(ECNS) -- According to data from the seventh population census and that from the National Bureau of Statistics, there are about 51.04 million sexagenarians in China, of whom more than 60 percent are engaged in primary industry, including agriculture, forestry, animal husbandry and fishing.
Data from the census yearbook of 2020 shows 62.44 percent of relatively-young seniors, or over 30 million, engage in agriculture, forestry, animal husbandry and fishery, mainly planting.
Dong Yuzhen, a population expert from the Guangdong Academy of Population Development, said that the elderly in the agricultural population has no fixed income and have to continue to make a living.
They won’t retire and have always been employed, said Dong.

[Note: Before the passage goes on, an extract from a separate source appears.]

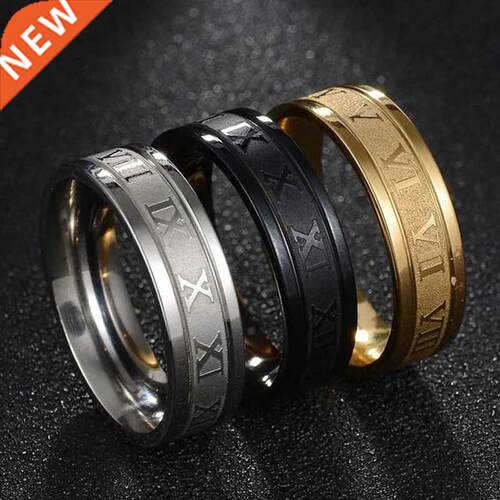 2022 Vintage Roman Numerals Men Rings Temperament Fashion 6m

At the end of last year, public data showed that the average actual monthly pension was 188 yuan (about $27.28), about 5.26 percent of the 3,577 yuan per month of urban workers.
For many rural elderly, their main source of livelihood depends on their own labor income or children's support. Apart from agriculture, forestry, animal husbandry and fishery, among sexagenarians who are employed, 7.29 percent engage in manufacturing, 8.31 percent in construction and 6.61 percent in wholesale and retail.

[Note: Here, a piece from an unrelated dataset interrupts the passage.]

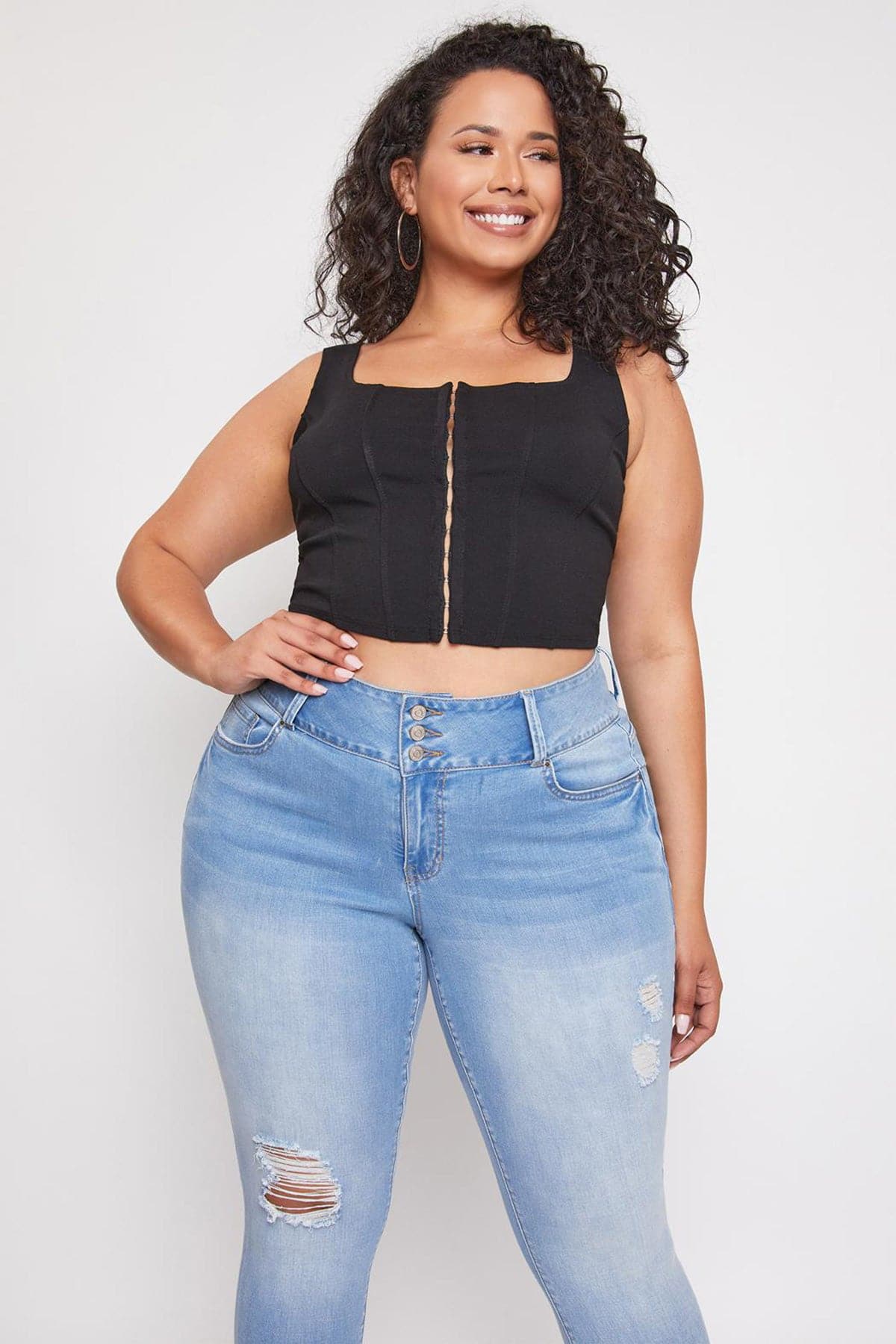 Women's Plus Essential  Skinny Jeans From YMI JEANS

Generally, a considerable part of those still employed live in rural areas. Therefore, it is necessary to improve the financial subsidy standard and level of basic farmer pensions.
Niu Fengrui, former head of the Chinese Academy of Social Sciences City Development and Environment Institute, said most farmers will never retire.
With the development of the national economy and the improvement of public financial resources, the pension level of farmers should be appropriately raised, which can solve their living problems to a great extent, the expert said.
In addition, experts also suggested that an employment system for the elderly should be set up as more and more try to find jobs again after retirement.
They believe that adjusting relevant laws and regulations in a timely manner to provide basic labor security for over-age workers is significant to promote re-employment.
Ding Changfa, associate professor of the Economics Department of Xiamen University, said not all positions are suitable for the reemployment of old people, like manual labor.
He said the country should give full play to the resource advantage of its sexagenarians. For example, many can help their children take care of their babies, which could make a great contribution.